Last year, I queried in SCN whether the food court is dead. I opined that the old 500-seat barn was indeed dead, and the more experiential food offerings and finer dining had certainly come to the fore.
Well, since that article last year, more offerings in the genre have sprung up. Interestingly, in the last issue of SCN, the Little Guns section covered Scentre Group’s refurbishment program, and the seductive imaging was mostly showing eateries from the rooftop dining to internal streets – and a lot of these were open-air offerings.
Food is becoming a major anchor. This appears to be a strong and continuing trend. While walking in the city of Sydney, I have come across a diverse and interesting range of offerings.

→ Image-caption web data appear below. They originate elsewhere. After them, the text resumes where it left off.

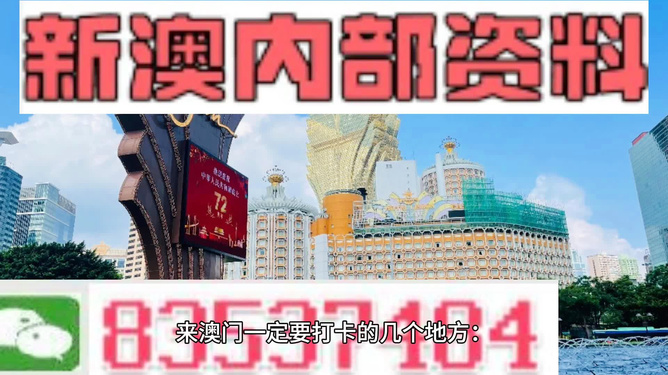 2025新澳正版今晚资料，全面释义、解释与落实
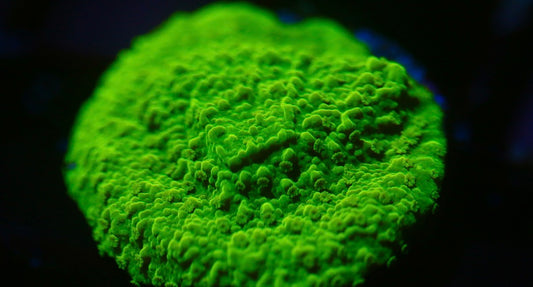 Tyree Toxic Green Aequituberculata Monti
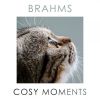 Download track Variations On A Theme By Paganini, Op. 35 / Book 1: Variation IV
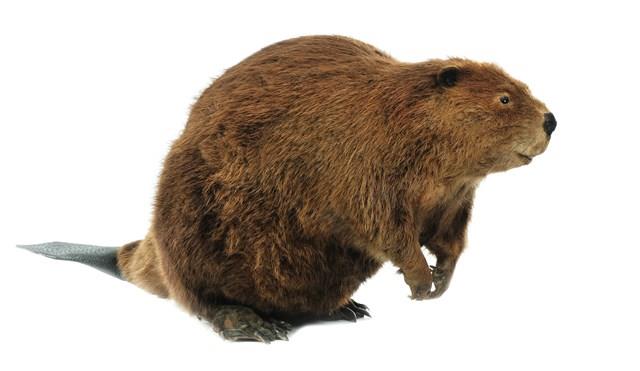American Beaver Collection Image, Figure 3, Total 4 Figures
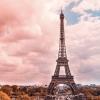 pinky paris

Here they are: Kensington Street, Chippendale, just behind Central Park complex on Broadway, a row of heritage cottages and their backyards have become a buzzy mix of exhibition spaces for contemporary art and design, with commercial space all intermixed with small cafés and bars. Running behind and parallel is Spice Alley, adorned with Asian lanterns offering Thai, Malaysian, Chinese and Singaporean culinary delights. Opened late last year, this precinct is located on the eastern boundary of Central Park, and comprises 16 heritage-listed cottages with interconnected courtyards, the funky new Old Clare Hotel and Unilodge student accommodation. It makes you want to be a student again.
The precinct is the brainchild of Fraser Property Group’s chairman, Dr Stanley Quek, who bought Kensington Street in its entirety in order to create his vision. It’s all about cafés, boutiques, street art, markets and creating an urban gritty experience with its genuine architecture. Go and visit yourself, as the photos can’t quite do the experience justice.
I love the fact that the space is so tight and intimate, and you have to dodge around diners to get through the alley. I think it’s going to become one of Sydney’s hippest eating precincts.
Another offering bordering on Sydney’s cinema precinct is an arcade of fashion and food retail stretching from George and Bathurst Streets through to Kent Street at the rear. It’s known as Regent Place, and this boutique shopping and dining hub has all the feel of Singapore with its bustling food outlets. Customers queue up at most of the eateries for a quick lunch or dinner during work hours, or prior to a movie screening next door. It’s also anchored by an Asian supermarket: Daiso. Again, the tight space of the laneway adds to the spatial experience on offer.
In the city centre, MLC has upgraded its old food court to a finer experience complete with the new IGA store format in the basement, more in keeping with Thomas Dux and Jones the Grocer than the old staid format of yesteryear. The seating areas are broken up into smaller, more intimate spaces, and outlets include Neil Perry’s Burger Project. The mix is now more restaurants, cafés and bars, and extends through to upmarket fashion retail and the Theatre Royal. Timber has been used extensively in the ceilings and furniture, creating the warmth that was formerly missing.
Across town is the first stage of Barangaroo’s food hub, known as The Canteen. It is also part of a wider precinct dubbed the ‘Streets of Barangaroo’, offering a combined retail, dining and leisure experience. Eventually it will contain over 50 new food outlets, with a diverse range of high-end dining from Matt Moran’s new venture, to cafés and takeaway outlets. Food will be the heart of Barangaroo, alongside health and wellbeing services, quirky apparel, lifestyle and leisure stores.
All reminiscent of Melbourne laneways, these developments are adding considerably to Sydney’s food and retail culture, clearly spurred on by the proliferation of food and cooking shows on television. This love of food and its experience in all forms is here to stay.